__WHAT IS EXPECTED__
Go through the lines below and repeat each one exactly, skipping pictures.

DATASET CONTENT START

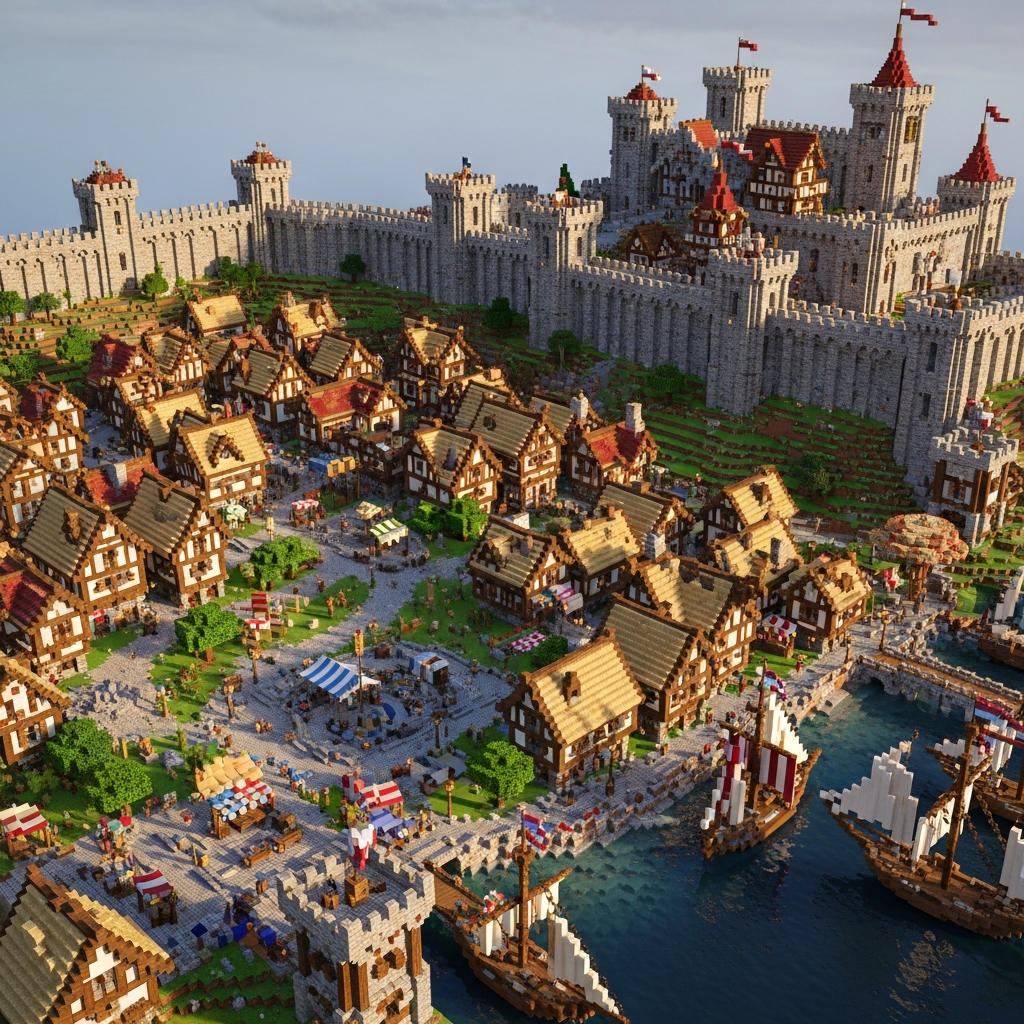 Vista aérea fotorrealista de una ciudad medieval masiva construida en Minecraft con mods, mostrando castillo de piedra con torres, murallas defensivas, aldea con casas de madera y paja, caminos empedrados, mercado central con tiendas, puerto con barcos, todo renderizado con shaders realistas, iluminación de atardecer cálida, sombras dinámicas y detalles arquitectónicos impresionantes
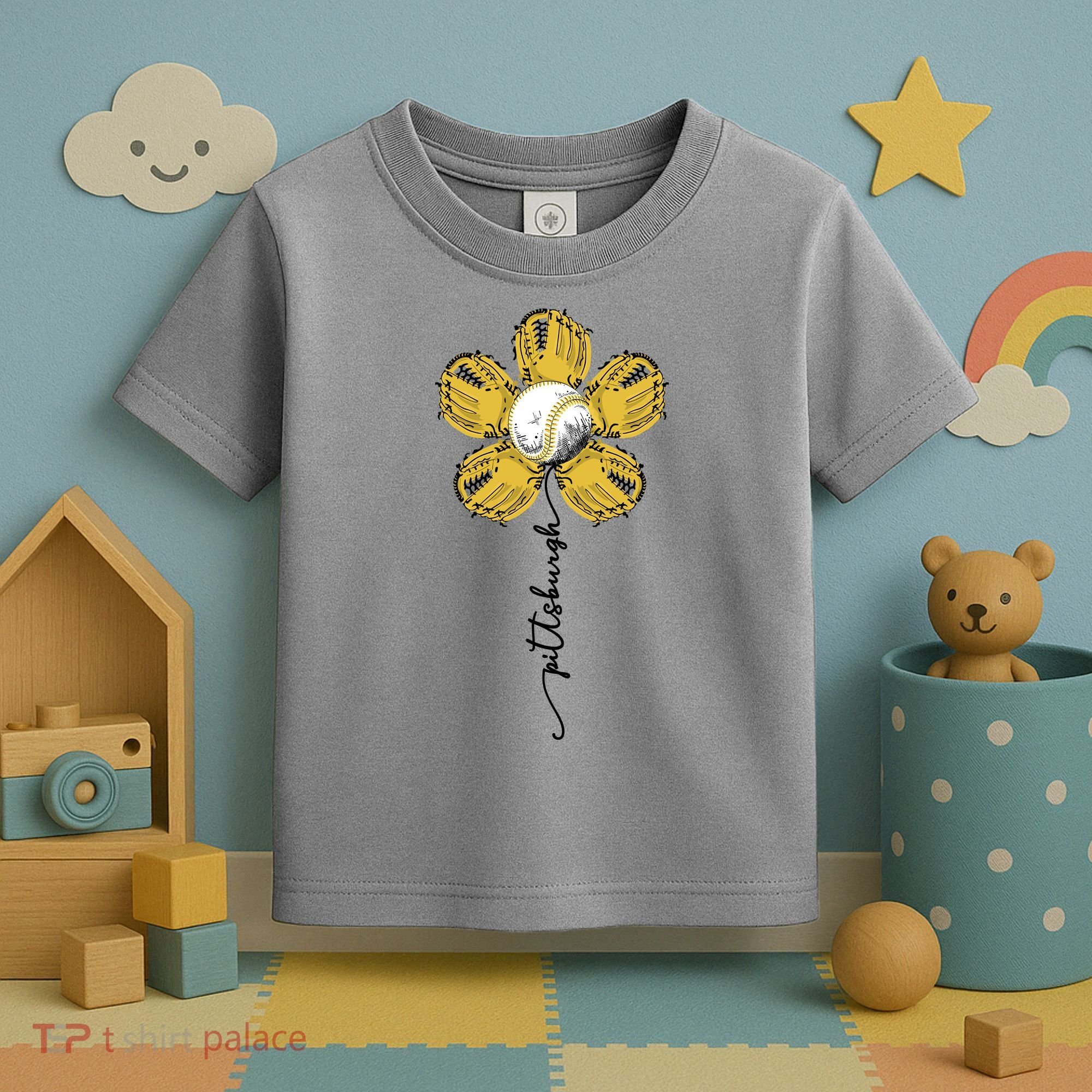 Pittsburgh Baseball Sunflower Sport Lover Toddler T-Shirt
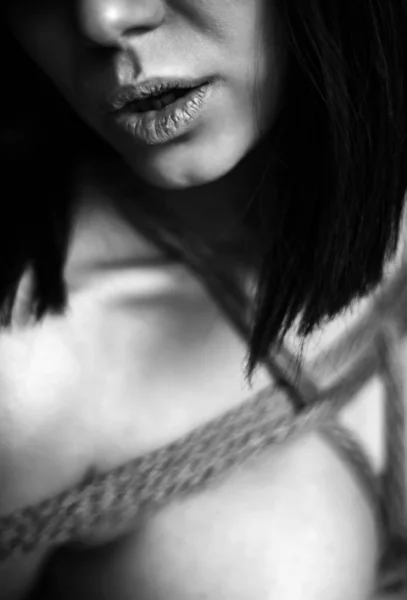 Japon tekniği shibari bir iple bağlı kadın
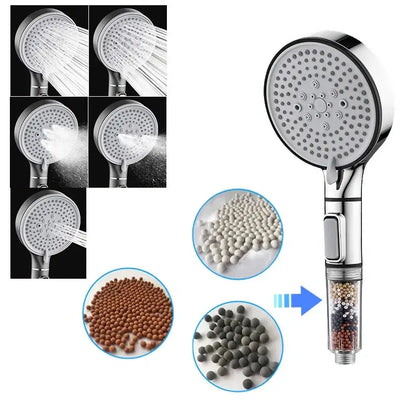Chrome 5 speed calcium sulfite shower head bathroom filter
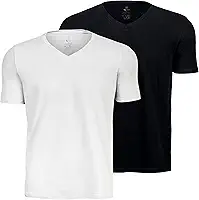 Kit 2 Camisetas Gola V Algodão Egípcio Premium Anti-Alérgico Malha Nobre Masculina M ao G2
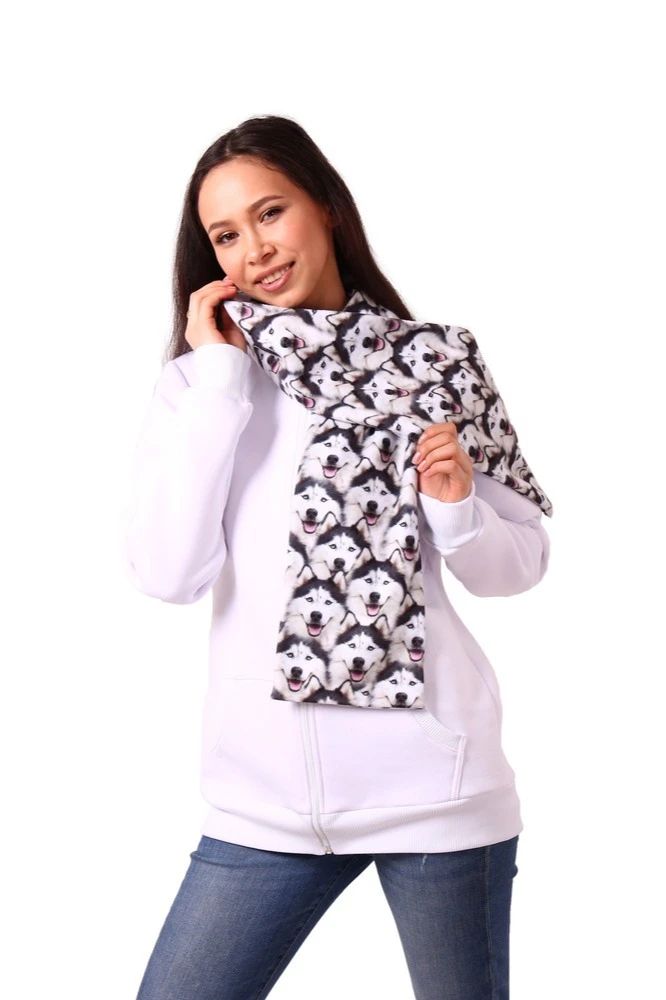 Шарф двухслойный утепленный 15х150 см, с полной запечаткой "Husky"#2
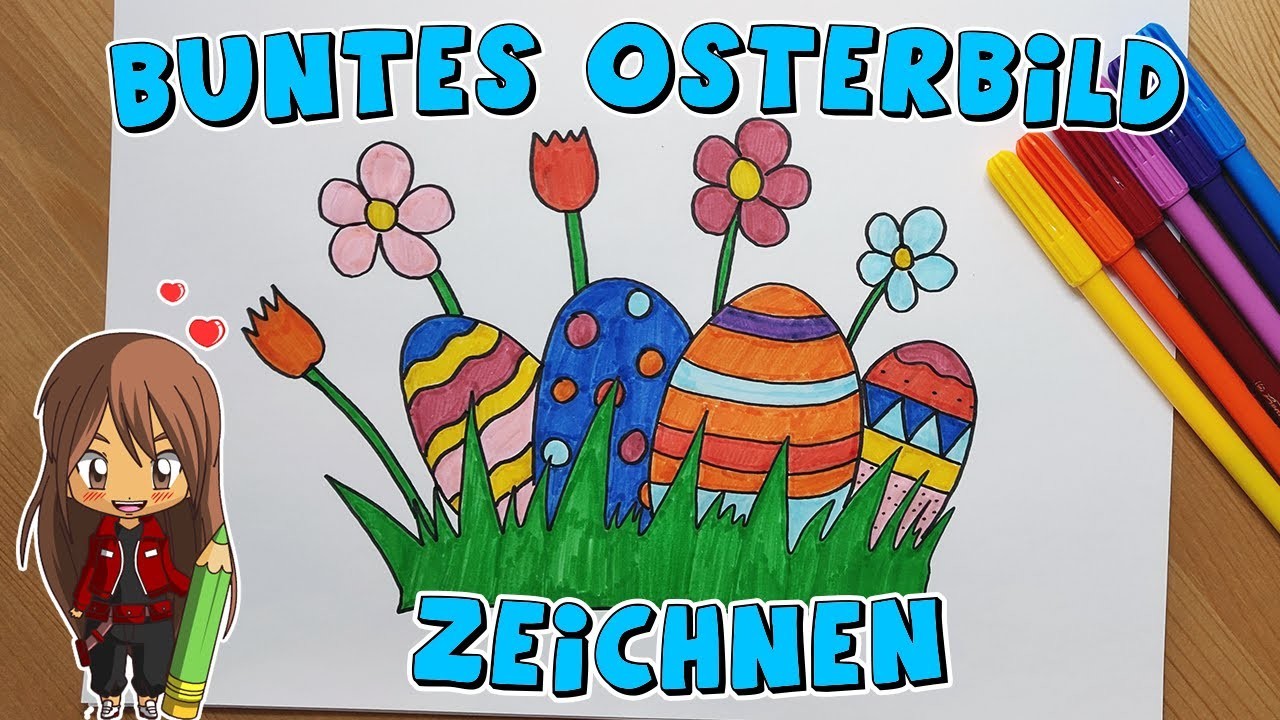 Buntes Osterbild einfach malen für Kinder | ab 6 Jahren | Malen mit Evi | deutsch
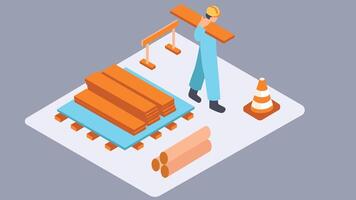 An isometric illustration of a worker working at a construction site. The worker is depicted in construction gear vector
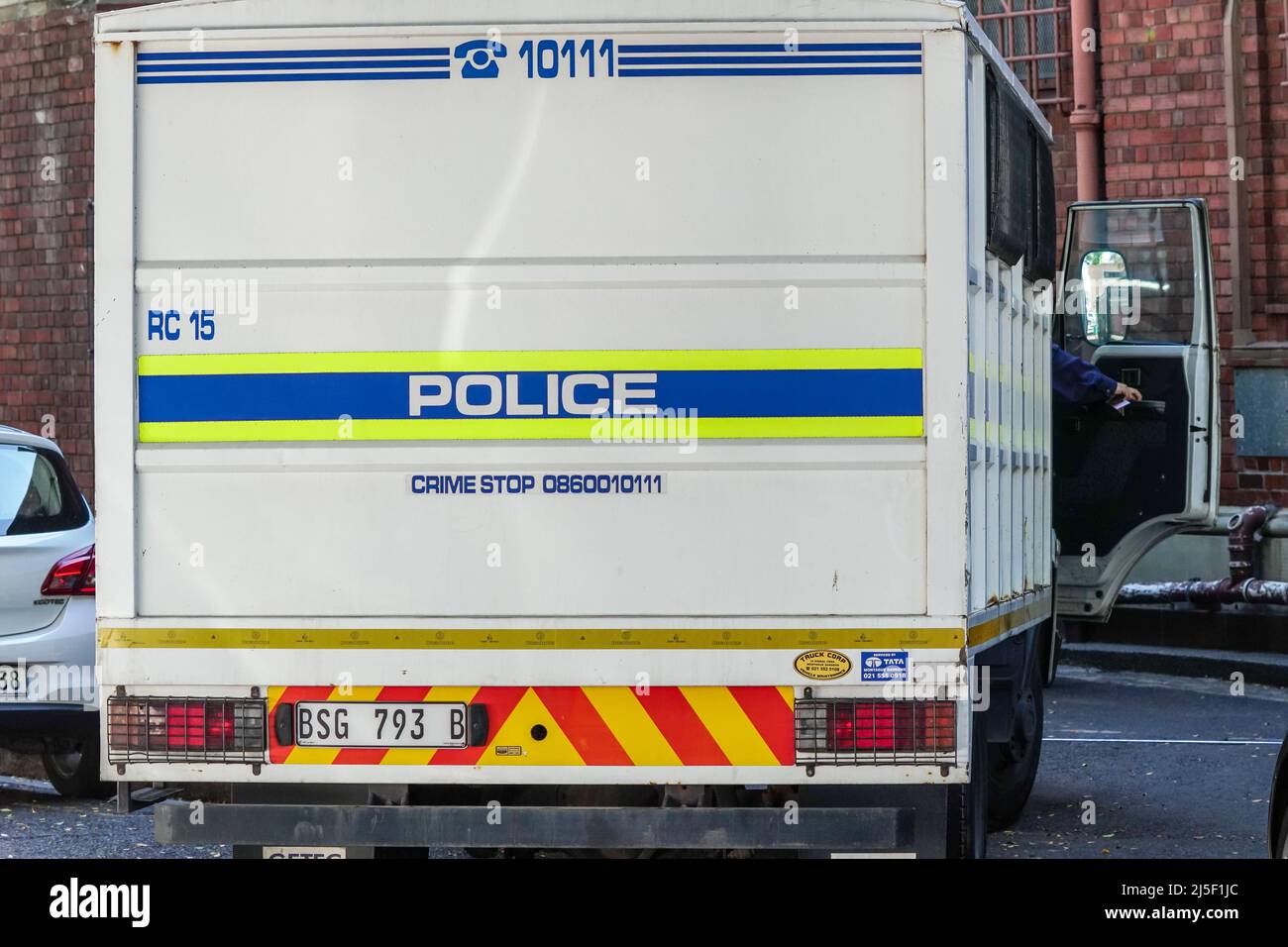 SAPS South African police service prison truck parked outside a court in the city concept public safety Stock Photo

DATASET CONTENT END

__ANSWER SPACE__
 Vista aérea fotorrealista de una ciudad medieval masiva construida en Minecraft con mods, mostrando castillo de piedra con torres, murallas defensivas, aldea con casas de madera y paja, caminos empedrados, mercado central con tiendas, puerto con barcos, todo renderizado con shaders realistas, iluminación de atardecer cálida, sombras dinámicas y detalles arquitectónicos impresionantes
 Pittsburgh Baseball Sunflower Sport Lover Toddler T-Shirt
 Japon tekniği shibari bir iple bağlı kadın
Chrome 5 speed calcium sulfite shower head bathroom filter
 Kit 2 Camisetas Gola V Algodão Egípcio Premium Anti-Alérgico Malha Nobre Masculina M ao G2
 Шарф двухслойный утепленный 15х150 см, с полной запечаткой "Husky"#2
 Buntes Osterbild einfach malen für Kinder | ab 6 Jahren | Malen mit Evi | deutsch
 An isometric illustration of a worker working at a construction site. The worker is depicted in construction gear vector
 SAPS South African police service prison truck parked outside a court in the city concept public safety Stock Photo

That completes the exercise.